3. 「知らない」を発見するためのアプローチ
相手の行動を変えるためには、まずその根底にある「知らない」を特定することが不可欠です。そのためには、指導者側のアプローチを変える必要があります。
一方的な指導から「対話」へ
指導は、一方的に情報を伝えるだけでは不十分です。相手の「知らない」を引き出すためには、双方向の「対話」が鍵となります。
質問の重要性:
「この件について、どう考えていますか?」
「どこでつまづいていると感じますか?」
「具体的に、どこが難しいと感じますか?」
といったオープンな質問を通じて、相手の考え、状況、そして「知らない」部分を具体的に引き出します。相手に考えさせることで、自ら課題に気づくきっかけにもなります。
傾聴の姿勢:
相手が話している間は、途中で遮らず、最後まで耳を傾けましょう。表面的な言葉だけでなく、その裏にある感情や意図、そして言葉にならない「知らない」部分を汲み取ろうと努めることが重要です。
「できる」を分解する
複雑な行動は、相手にとって「知らない」部分が多すぎて、どこから手をつけていいか分からない状態になっていることがあります。
スモールステップでの指導:
大きな行動を細かく分解し、それぞれのステップで何が必要か、どこに「知らない」があるのかを特定します。例えば、「資料作成」という大きな目標を「情報収集」「構成案作成」「データ入力」「グラフ作成」「校正」といった具合に分解します。
具体的なフィードバック:
「これではダメだ」という抽象的なフィードバックではなく、「この部分のデータが不足している」「グラフの凡例が分かりにくい」など、「どこが、どうすれば良いか」を具体的に伝えましょう。これにより、相手は「何を」「どう改善すればいいか」を明確に「知る」ことができます。
視覚化・具体化の活用
言葉だけでは伝わりにくい内容も、視覚化や具体化によって「知らない」を解消できることがあります。

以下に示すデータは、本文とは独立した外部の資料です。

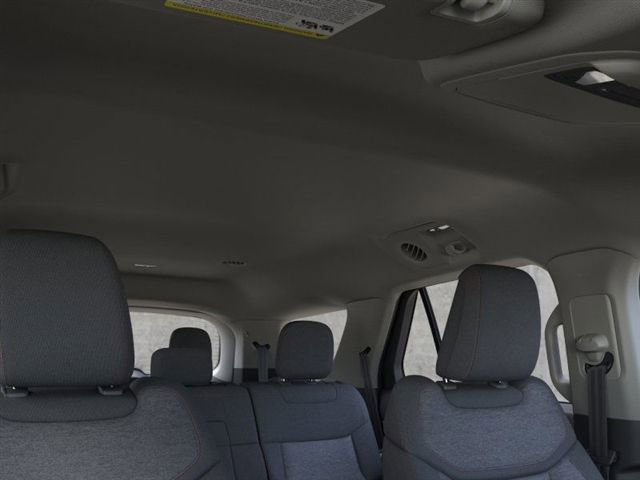 Used 2025 Ford Explorer Active image 22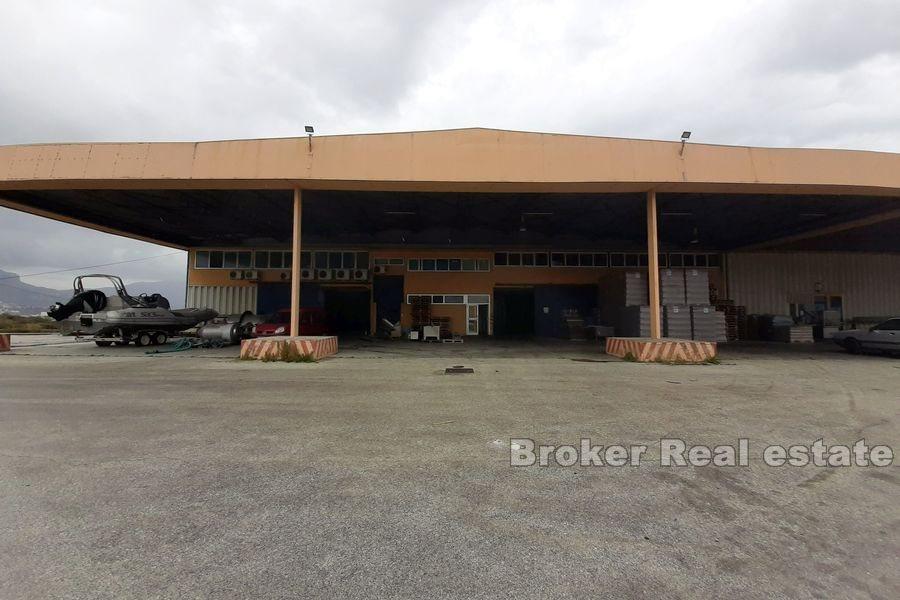 Przestronna przestrzeń magazynowa i produkcyjna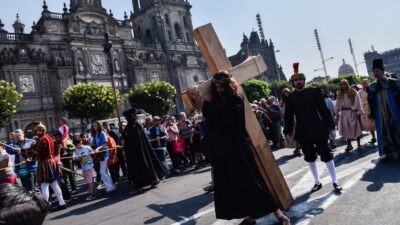 Marchas CDMX, representación del Viacrucis en el Zócalo capitalino
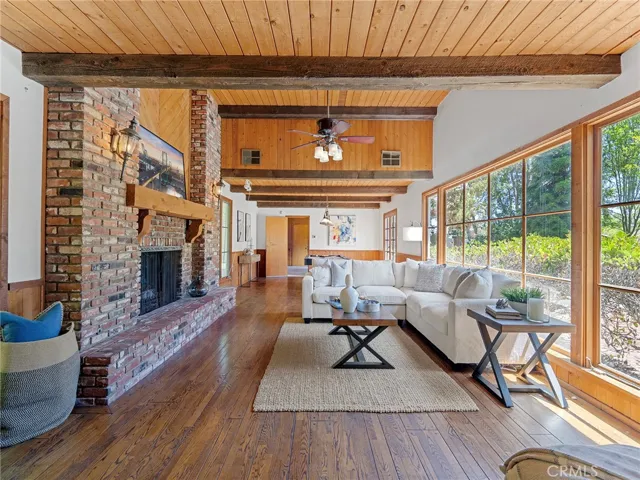 Family room / Game room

図やイラスト、実際の事例などを用いて、抽象的な内容を具体的に示す:
業務フローを図で示したり、成功事例や失敗事例を具体的に共有したりすることで、相手の理解を深めます。
ロールプレイングなどを通じて、実際に体験させる:
口頭での説明だけでなく、実際にその行動を体験させることで、頭で理解するだけでなく、体で覚えることができます。これにより、実践的な「知らない」をなくすことができます。
4. 「知らない」を「わかる」に変える指導のヒント
「知らない」が特定できた後は、それを「わかる」に変えるための効果的な指導が求められます。
「Why」から伝える
人間は、行動の理由や目的が明確であるほど、納得感を持って行動できます。
なぜその行動が必要なのか、その行動がもたらす良い結果を最初に伝える:
「この作業を丁寧に行うことで、顧客からの信頼が得られ、結果として次の契約に繋がるんだよ」
「この新しいシステムを使うことで、君たちの業務時間が月に数時間短縮できるんだ」
行動の「目的」や「意義」を伝えることで、相手は「やらされ感」ではなく「主体性」を持って行動に取り組むことができます。
「How」を具体的に示す
「なぜ」がわかっても、「どうすればいいか」がわからなければ行動はできません。
具体的な手順や方法を、相手のレベルに合わせて丁寧に伝える:
「まずはこのマニュアルの1ページ目から読んでみよう」
「このボタンをクリックして、次にこの項目に入力するんだ」
必要であれば、指導者自身が一緒に実践して見せることも効果的です。手本を示すことで、相手は具体的なイメージを掴みやすくなります。
成功体験を積ませる
小さな成功体験は、相手の自信を育み、次の行動への原動力となります。
スモールステップで設定した目標を達成させ、その成功を具体的に認める:
「よくやった!この部分、完璧だね!」
「前回よりも格段に早くなったね!」
成功を具体的に褒め、その努力を認めることで、相手は「自分にもできる」という自信を持ち、さらに意欲的に取り組むようになります。
継続的なサポートとフィードバック
一度の指導で全てが解決するわけではありません。行動変容は、継続的なプロセスです。
一度で終わらせず、定期的に進捗を確認し、必要に応じてサポートや追加のフィードバックを行う:
「その後、困っていることはない?」
「何か質問はある?」
定期的な対話の機会を設け、困っていることがないか確認し、必要であれば再度指導を行います。また、行動が改善された点があれば、それも具体的にフィードバックし、定着を促しましょう。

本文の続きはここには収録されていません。